*** Begin section ***
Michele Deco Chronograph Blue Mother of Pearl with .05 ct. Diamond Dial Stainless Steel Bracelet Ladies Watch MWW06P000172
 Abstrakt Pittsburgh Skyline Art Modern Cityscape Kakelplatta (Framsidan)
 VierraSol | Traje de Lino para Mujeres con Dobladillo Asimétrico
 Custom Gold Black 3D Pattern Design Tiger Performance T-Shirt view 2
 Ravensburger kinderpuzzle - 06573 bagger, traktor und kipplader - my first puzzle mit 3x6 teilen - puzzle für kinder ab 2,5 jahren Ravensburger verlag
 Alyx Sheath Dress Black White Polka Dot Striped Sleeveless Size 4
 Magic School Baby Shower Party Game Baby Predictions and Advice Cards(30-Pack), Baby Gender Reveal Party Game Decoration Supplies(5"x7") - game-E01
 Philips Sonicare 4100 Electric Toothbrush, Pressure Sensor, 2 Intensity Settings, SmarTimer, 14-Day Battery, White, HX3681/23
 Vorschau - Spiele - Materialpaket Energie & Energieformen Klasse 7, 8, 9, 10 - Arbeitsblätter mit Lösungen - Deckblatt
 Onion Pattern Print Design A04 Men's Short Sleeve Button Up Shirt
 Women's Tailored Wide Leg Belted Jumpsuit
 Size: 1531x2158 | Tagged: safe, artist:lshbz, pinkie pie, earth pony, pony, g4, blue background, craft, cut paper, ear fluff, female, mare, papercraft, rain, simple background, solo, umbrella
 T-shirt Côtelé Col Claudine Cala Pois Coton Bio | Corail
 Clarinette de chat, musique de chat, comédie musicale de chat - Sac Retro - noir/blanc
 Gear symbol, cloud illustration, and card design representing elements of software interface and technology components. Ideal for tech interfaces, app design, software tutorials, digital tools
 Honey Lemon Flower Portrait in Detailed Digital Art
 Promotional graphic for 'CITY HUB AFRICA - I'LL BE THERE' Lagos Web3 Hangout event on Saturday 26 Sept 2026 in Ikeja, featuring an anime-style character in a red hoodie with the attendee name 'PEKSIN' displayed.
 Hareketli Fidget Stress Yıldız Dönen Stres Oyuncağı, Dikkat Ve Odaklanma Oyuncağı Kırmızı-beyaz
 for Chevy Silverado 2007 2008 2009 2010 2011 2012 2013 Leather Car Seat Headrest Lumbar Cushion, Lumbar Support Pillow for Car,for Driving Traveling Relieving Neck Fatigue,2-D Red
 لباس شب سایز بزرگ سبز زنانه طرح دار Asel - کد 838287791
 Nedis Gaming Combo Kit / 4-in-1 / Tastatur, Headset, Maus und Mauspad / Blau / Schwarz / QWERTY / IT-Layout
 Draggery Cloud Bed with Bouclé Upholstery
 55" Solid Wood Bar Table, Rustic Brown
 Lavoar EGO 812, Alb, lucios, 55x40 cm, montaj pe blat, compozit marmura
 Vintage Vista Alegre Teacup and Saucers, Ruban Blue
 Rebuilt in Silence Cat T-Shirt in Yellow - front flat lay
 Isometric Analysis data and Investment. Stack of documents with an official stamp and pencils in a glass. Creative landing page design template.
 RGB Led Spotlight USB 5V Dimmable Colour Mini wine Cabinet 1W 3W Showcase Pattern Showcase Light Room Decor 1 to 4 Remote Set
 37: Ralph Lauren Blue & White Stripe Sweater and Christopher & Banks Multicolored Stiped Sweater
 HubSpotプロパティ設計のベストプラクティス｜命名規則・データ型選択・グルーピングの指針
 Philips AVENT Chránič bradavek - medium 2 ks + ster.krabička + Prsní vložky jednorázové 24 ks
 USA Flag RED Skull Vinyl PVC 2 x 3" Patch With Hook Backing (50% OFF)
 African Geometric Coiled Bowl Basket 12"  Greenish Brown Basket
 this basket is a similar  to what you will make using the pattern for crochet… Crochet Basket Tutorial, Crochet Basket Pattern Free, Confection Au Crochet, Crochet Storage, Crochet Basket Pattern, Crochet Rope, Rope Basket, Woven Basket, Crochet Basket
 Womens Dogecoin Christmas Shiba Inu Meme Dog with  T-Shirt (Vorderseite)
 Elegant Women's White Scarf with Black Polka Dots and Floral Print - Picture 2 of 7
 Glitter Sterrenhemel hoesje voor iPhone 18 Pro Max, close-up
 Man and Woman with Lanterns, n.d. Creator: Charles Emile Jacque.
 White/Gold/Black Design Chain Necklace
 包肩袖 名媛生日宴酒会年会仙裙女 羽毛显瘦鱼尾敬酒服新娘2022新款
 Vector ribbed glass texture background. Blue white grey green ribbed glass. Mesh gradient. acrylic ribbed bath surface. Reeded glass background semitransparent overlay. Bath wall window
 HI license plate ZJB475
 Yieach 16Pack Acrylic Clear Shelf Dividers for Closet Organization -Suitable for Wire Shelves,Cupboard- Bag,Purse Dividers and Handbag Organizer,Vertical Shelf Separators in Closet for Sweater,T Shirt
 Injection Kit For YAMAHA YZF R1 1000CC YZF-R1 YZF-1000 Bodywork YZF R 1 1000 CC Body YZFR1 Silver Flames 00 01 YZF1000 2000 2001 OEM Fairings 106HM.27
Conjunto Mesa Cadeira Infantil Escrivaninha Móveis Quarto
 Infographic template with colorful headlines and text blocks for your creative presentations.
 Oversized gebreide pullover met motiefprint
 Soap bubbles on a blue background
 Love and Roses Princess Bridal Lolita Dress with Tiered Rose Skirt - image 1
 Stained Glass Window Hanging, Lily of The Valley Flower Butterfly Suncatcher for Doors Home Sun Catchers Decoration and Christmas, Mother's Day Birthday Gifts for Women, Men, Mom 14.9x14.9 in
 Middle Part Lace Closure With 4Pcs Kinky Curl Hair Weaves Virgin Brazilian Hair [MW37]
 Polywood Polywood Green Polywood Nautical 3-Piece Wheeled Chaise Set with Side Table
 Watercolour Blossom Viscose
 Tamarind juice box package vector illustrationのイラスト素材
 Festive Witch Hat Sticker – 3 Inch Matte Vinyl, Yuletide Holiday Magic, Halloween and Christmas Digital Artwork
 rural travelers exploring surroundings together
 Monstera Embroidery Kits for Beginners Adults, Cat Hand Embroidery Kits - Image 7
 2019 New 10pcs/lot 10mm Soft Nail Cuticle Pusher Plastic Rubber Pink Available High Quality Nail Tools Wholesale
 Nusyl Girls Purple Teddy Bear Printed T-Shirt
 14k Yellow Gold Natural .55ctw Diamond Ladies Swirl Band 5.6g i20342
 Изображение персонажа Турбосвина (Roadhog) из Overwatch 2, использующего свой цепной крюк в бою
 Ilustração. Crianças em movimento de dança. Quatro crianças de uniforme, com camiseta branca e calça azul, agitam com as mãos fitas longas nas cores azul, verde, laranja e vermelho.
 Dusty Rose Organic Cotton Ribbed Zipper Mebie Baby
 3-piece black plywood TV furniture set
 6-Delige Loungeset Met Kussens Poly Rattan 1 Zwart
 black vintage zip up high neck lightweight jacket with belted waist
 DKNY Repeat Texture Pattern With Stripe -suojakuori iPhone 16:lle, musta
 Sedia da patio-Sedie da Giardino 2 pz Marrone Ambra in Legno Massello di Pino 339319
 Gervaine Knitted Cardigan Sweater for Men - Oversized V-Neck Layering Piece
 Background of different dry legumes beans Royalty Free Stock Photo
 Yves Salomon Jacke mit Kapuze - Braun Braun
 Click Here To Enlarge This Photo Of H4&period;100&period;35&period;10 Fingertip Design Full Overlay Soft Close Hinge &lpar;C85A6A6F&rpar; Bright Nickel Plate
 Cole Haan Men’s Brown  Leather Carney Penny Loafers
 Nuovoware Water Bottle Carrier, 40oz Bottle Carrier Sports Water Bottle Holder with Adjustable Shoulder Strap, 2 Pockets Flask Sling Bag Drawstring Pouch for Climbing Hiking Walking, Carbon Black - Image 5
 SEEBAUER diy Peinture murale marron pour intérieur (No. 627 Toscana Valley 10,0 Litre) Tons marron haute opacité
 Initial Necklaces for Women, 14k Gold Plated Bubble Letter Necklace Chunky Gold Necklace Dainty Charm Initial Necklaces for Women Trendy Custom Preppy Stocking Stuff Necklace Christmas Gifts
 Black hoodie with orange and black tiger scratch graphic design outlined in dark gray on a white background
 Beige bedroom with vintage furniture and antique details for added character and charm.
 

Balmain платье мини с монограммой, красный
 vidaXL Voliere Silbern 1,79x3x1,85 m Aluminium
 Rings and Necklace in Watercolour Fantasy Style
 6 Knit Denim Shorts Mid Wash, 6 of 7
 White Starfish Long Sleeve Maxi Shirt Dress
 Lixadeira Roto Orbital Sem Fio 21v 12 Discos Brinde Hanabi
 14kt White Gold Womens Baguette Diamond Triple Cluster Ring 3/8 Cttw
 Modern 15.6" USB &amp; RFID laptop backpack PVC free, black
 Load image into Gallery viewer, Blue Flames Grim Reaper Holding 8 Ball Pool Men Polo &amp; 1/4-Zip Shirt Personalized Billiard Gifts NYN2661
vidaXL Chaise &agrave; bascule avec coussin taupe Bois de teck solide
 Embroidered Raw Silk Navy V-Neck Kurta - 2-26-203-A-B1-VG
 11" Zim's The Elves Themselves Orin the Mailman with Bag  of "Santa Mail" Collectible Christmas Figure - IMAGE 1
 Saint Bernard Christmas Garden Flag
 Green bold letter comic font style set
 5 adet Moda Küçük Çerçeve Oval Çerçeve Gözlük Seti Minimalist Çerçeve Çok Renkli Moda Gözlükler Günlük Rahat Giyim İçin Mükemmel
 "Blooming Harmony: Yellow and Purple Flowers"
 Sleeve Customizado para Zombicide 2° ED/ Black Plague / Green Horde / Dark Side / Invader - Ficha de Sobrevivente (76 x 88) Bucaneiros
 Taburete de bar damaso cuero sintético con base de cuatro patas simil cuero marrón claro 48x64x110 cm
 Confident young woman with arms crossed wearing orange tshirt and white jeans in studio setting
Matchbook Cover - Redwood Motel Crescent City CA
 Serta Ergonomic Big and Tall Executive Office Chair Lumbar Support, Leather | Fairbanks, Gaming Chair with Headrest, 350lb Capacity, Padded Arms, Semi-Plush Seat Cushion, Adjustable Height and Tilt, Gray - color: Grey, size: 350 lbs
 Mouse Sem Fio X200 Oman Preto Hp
*** End section ***
• **WORK REQUEST**
Copy exactly the opening line of the material, the line bearing "Alyx Sheath Dress", and every line between them. Include nothing else.

• **SOLVED EXERCISE**
Michele Deco Chronograph Blue Mother of Pearl with .05 ct. Diamond Dial Stainless Steel Bracelet Ladies Watch MWW06P000172
 Abstrakt Pittsburgh Skyline Art Modern Cityscape Kakelplatta (Framsidan)
 VierraSol | Traje de Lino para Mujeres con Dobladillo Asimétrico
 Custom Gold Black 3D Pattern Design Tiger Performance T-Shirt view 2
 Ravensburger kinderpuzzle - 06573 bagger, traktor und kipplader - my first puzzle mit 3x6 teilen - puzzle für kinder ab 2,5 jahren Ravensburger verlag
 Alyx Sheath Dress Black White Polka Dot Striped Sleeveless Size 4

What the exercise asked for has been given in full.